Segment Start: DATA EXTRACT

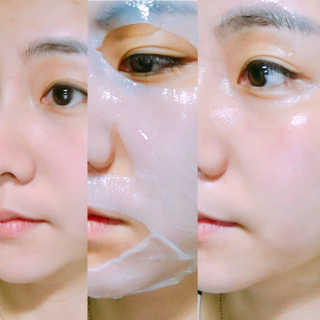 에슬레나 엑스트라 밸런싱 힐링 마스크 10장 — 4.33점을 준 리뷰어가 2017년 11월 올린 사용 사진
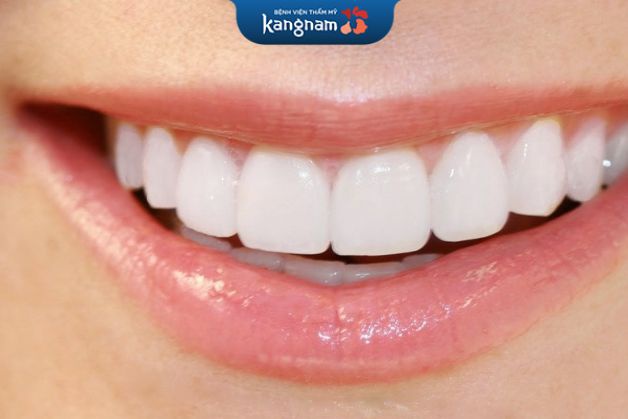 sứ thẩm mỹ là răng giả mang hình dáng và màu sắc tương tự răng thật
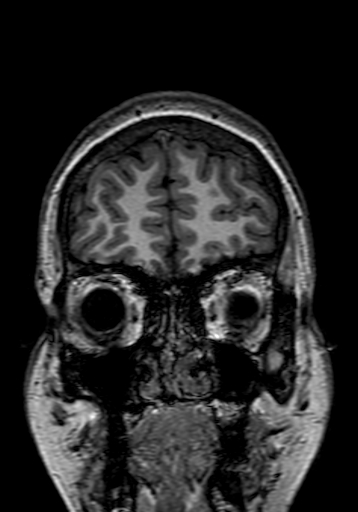 Cerebral arteriovenous malformation at posterior body of corpus callosum (Radiopaedia 74111-84925 Coronal T1 25).jpg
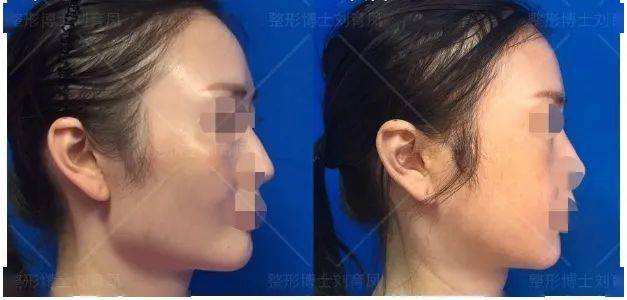 "歪脸女孩"美丽蜕变,这样的整形手术是怎么做到的?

Segment End: DATA EXTRACT

*TASK TO COMPLETE*.
Copy exactly, and copy nothing else: the lines from the one containing "Cerebral arteriovenous malformation" through the end of the data, both ends included, with pictures left out.

*RESULT OF THIS EXERCISE*.
 Cerebral arteriovenous malformation at posterior body of corpus callosum (Radiopaedia 74111-84925 Coronal T1 25).jpg
 "歪脸女孩"美丽蜕变,这样的整形手术是怎么做到的?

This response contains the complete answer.